Tuesday, April 2, 2013

Taxonomies vs. Classification

A question had come up in one of my classes on how classification differs from taxonomies/thesauri. As part of an assignment to find thesauri on the web a student sought to find “how the Federal Government classifies its publications and was expecting to find a very elaborate Thesaurus … and instead found… the Superintendent of Documents classification system,” and so the student asked how that classification system fits into the scheme of definitions for taxonomies, controlled vocabularies, and thesauri. That I will attempt to explain here.

We are familiar with classification schemes used to catalog and locate books and other materials in libraries, such as the Dewy Decimal system or, for academic libraries, the Library of Congress Classification (letter-based call “numbers”). In addition to the U.S. federal government’s “Superintendent of Documents” classification system, many other national governments an international organizations also have their own document classification schemes, and states and provinces may have modified versions. There are also classification systems for industries, such as the NAICS (North American Industrial Classification System) codes. Corporations with large volumes of documents may have their own internal document classification systems.
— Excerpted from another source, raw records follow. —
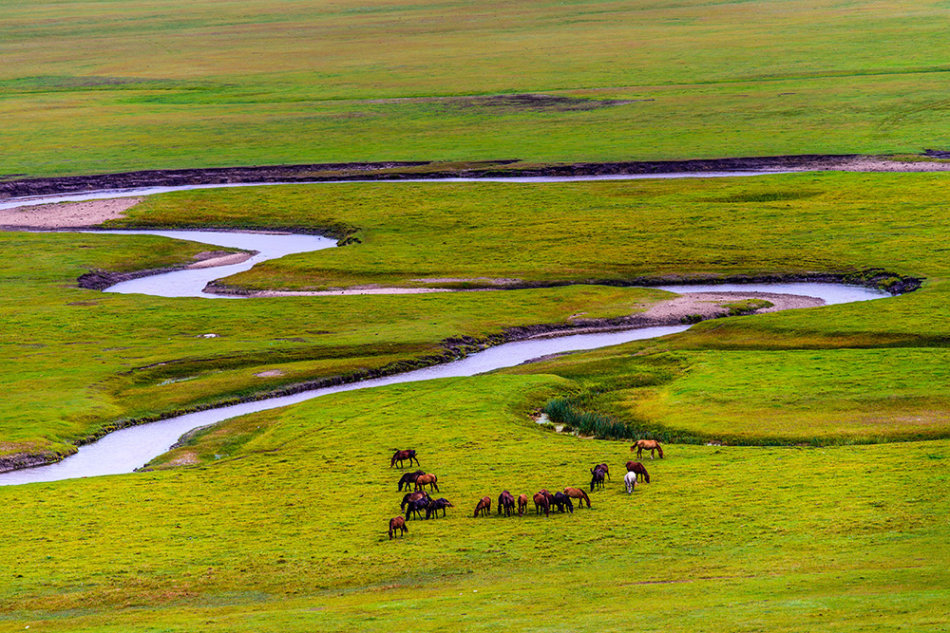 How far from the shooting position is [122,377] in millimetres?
55219

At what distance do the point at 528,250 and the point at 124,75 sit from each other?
4992 inches

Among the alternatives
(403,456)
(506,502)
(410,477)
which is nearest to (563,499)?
(506,502)

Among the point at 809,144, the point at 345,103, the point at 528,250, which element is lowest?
the point at 528,250

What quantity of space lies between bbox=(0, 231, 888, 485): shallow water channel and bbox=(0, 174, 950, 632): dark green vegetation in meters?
1.27

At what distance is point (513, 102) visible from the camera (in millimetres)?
140000

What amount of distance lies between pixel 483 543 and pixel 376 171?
268 ft

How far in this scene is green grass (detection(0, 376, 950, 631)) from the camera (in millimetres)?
23656

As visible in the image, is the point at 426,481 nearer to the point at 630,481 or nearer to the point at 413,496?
the point at 413,496

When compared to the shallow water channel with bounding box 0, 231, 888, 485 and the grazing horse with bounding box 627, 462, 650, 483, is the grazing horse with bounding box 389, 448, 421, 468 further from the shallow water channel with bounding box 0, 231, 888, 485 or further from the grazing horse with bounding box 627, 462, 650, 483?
the shallow water channel with bounding box 0, 231, 888, 485

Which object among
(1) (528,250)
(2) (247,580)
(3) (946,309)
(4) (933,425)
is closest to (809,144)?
(1) (528,250)

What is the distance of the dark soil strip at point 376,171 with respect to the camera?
10338 centimetres

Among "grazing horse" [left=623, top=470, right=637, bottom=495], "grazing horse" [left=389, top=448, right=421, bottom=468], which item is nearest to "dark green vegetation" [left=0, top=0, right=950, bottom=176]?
"grazing horse" [left=389, top=448, right=421, bottom=468]

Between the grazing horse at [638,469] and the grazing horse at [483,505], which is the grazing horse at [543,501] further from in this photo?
the grazing horse at [638,469]

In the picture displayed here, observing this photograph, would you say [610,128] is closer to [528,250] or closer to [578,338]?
[528,250]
I sum up the differences between classification schemes and taxonomies/thesauri as follows:


  • used for books, monographs, documents, reports, contracts, or other media
  • developed for the classification of physical items for their location on shelves, drawers, or filing cabinets and physical file folders
  • based on alpha-numeric codes
  • involves assigning an item only one classification code
  • manually assigned to each item
  • classification codes may include additional information, such as date, title, author, or publishing department information within the same classification code
  • rarely gets changed (due to the pre-established numeric code hierarchy)
  • helps document managers and librarians organize documents and helps users locate pre-identified documents and materials

Taxonomy/Controlled Vocabulary/thesauri:

  • used for articles, images, electronic files, paragraphs or sections of text if separated out as digital content units
  • used primarily in online/digital space
  • based on descriptive words and phrases (terms). Codes, if any, are secondary.
  • involves assigning an item multiple taxonomy terms
  • manually or automatically (auto-tagging, auto-classification, etc.) assigned to content items
  • taxonomy terms restricted to subject information (not to include date, title, author, publishing department, etc.)
  • can easily be revised and updated
  • helps users identify which content items they want

Another way to think of the comparison:
is for: where to put things/where does this document or item go.
is for: how to describe content/what is this text, image, or other media about.

So, while both classification and taxonomy are related and are within the realm of information science, they are really quite different. Since they serve different purposes, they can actually co-exist and both be applied to the same corpus of documents. Libraries utilize both at the same time: a classification system (the Dewy Decimal or Library of Congress Classification call numbers on books and media) and a form of a taxonomy in the catalog subject headings (usually Library of Congress Subject Headings, which are not to be confused with Library of Congress Classification).

Taxonomy and classification may each involve different people, too: catalogers for classification and taxonomists for taxonomies. While some information professionals may do both, you cannot assume that all catalogers know how to create taxonomies or that all taxonomists understand classification. There is, of course, a larger and growing need for taxonomies, in contrast to classification and cataloging systems, as more content migrates online. Furthermore, taxonomies are more adaptable to change and thus in need of continual maintenance, in comparison to the rather static classification systems. Many catalogers are taking an interest in learning about taxonomies these days.

Taxonomists who understand something about classification can also put that knowledge to use. There are many large corporations and agencies with documents organization by customized classification systems, which are now migrating over to dynamic online content/document management and taxonomies. The legacy classification systems then need to re-formed into (or replaced by) taxonomies, and then the legacy codes need to be mapped to the new taxonomy terms to ensure the continual retrieval of legacy documents. I did this kind of work as a consulting project for a large financial institution not long ago. There were thousands of legacy alpha-numeric codes, most of which combined both a document type attribute and a subject matter attribute into a single code, a typical feature of classification codes when a document can get only one code. A taxonomy, on the other hand may have one facet for document type and another facet for subject, and a document can be assigned multiple subject taxonomy terms in addition to the document type term.

As long as there are physical books, documents, and media, there is a need for classification, but if the entire content repository is digital, then taxonomies are the way to go.

  1. I like to think of it in terms of you use a taxonomy to classify information. You cannot have a thesauri or a controlled vocabulary without applying a particular classification scheme.